FERC Rejects Pump Storage Projects Over Navajo Objections

FERC on Feb. 15 rejected preliminary permits for seven pump storage projects on Navajo Nation land, saying it will no longer consider projects that are opposed by host tribes. 

Preliminary permits give the permit holder priority for filing a development application while it conducts feasibility studies. It does not authorize access to project lands or any construction. 

The commission previously granted preliminary permits routinely, saying concerns about potential impacts could be addressed in subsequent licensing proceedings. Recently, however, it denied permits at federal facilities where the agency that operates the facility opposed the project. 
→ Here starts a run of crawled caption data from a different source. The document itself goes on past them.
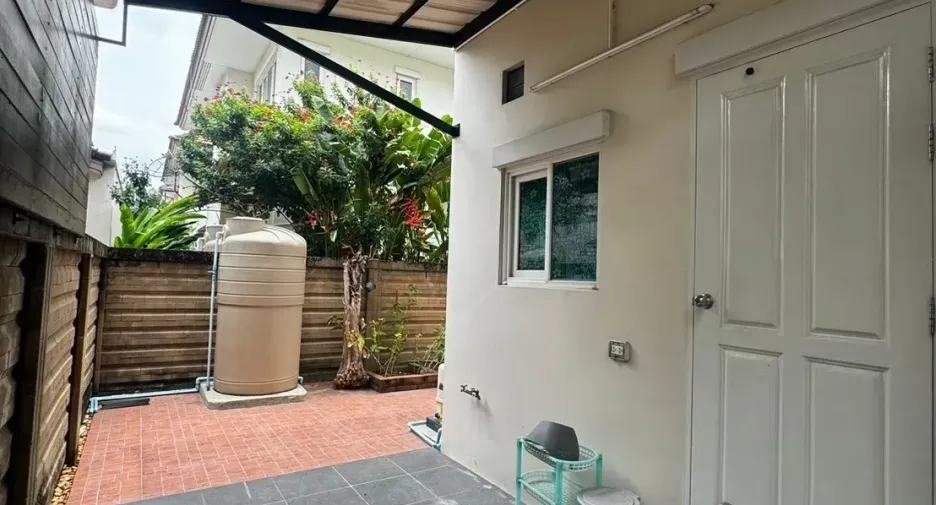 For rent 3 bedrooms house in Mueang Samut Prakan, Samut Prakan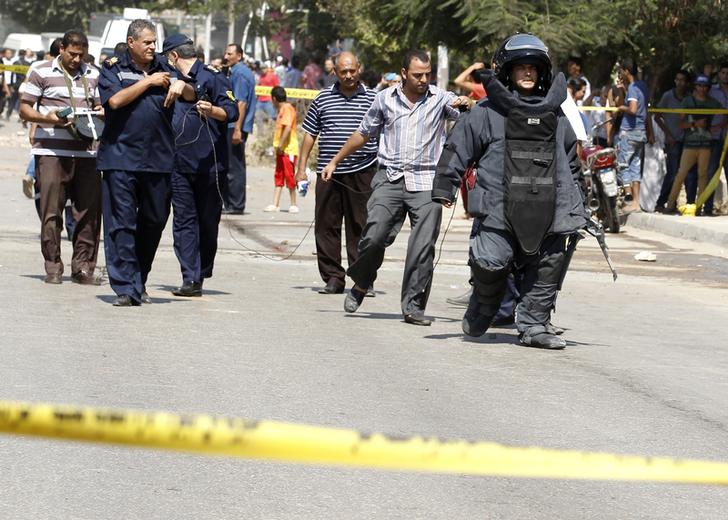 مقتل خمسة أشخاص بينهم شرطي في ذكرى فض دام لاعتصامين بمصر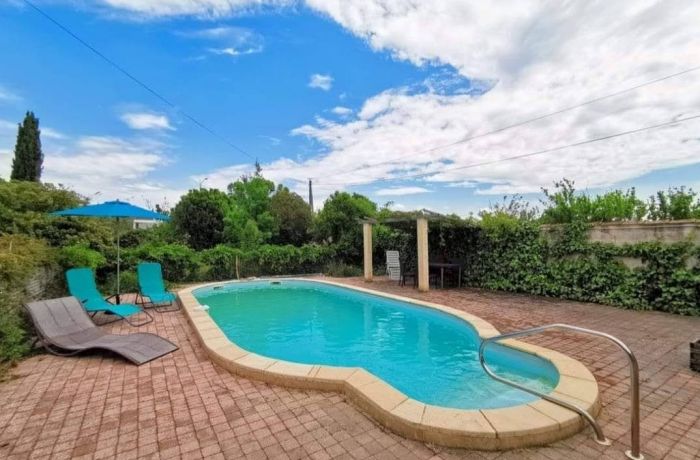 meublé de tourisme CAZAME à Vauvert piscine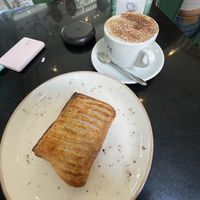 Cappuccino and fohado de atum vegan 🌱   at Ca.fé Coffee House in Lisbon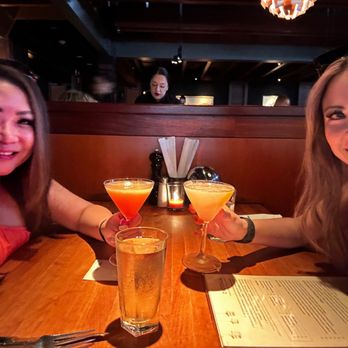 Houston's Restaurant - Steakhouses Near Me - Pasadena, California Houston's Restaurant - Steakhouses Near Me - Pasadena, California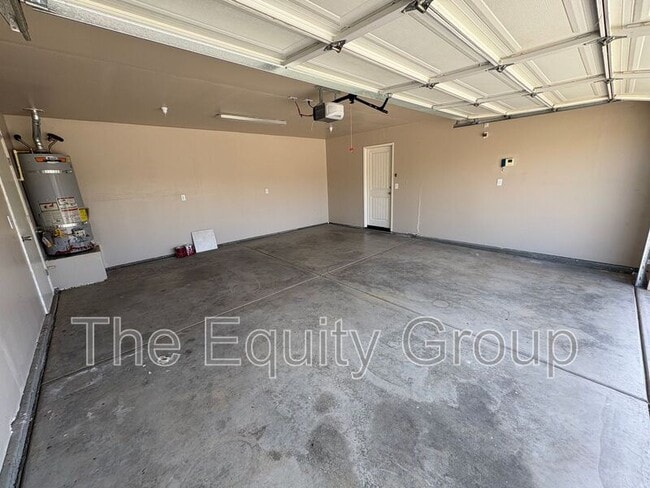 Building Photo - 2132 E Sweet Ave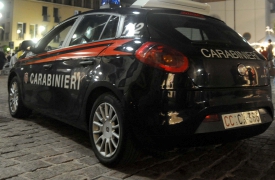 Due colpi notturni nei negozi: più danni che refurtiva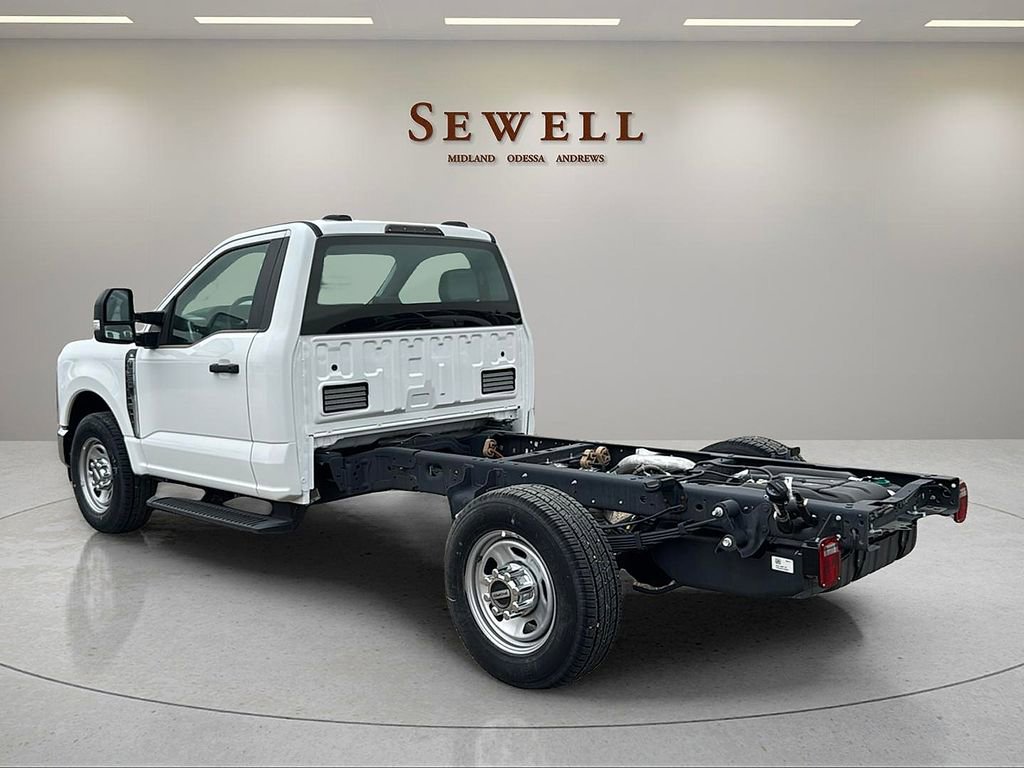 New 2024 Ford F350 XL w/ XL Chrome Package image 3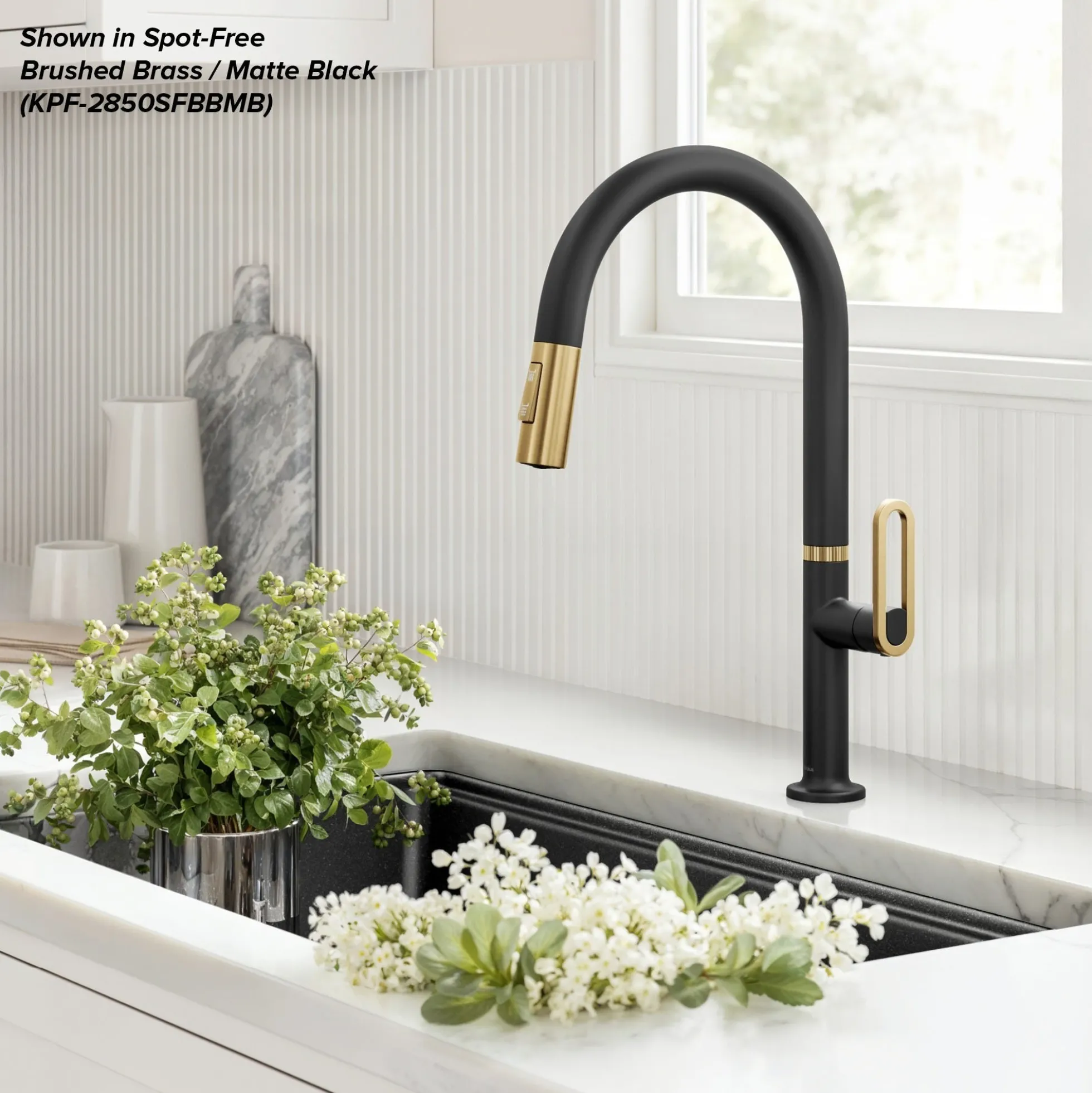 2-Function Single Handle Pull Down Kitchen Faucet in Spot-Free Stainless Steel
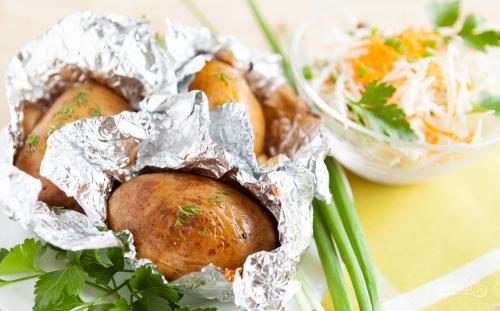 Какие традиции и обычаи связаны с запеканием мяса в фольге. Опасно ли готовить еду в фольге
“We believe that our trust responsibility to tribes counsels a similar policy in cases involving tribal lands and accordingly, we are establishing a new policy that the commission will not issue preliminary permits for projects proposing to use tribal lands if the tribe on whose lands the project is to be located opposes the permit,” FERC said. “To avoid permit denials, potential applicants should work closely with tribal stakeholders prior to filing applications to ensure that tribes are fully informed about proposed projects on their lands and to determine whether they are willing to consider the project development.” 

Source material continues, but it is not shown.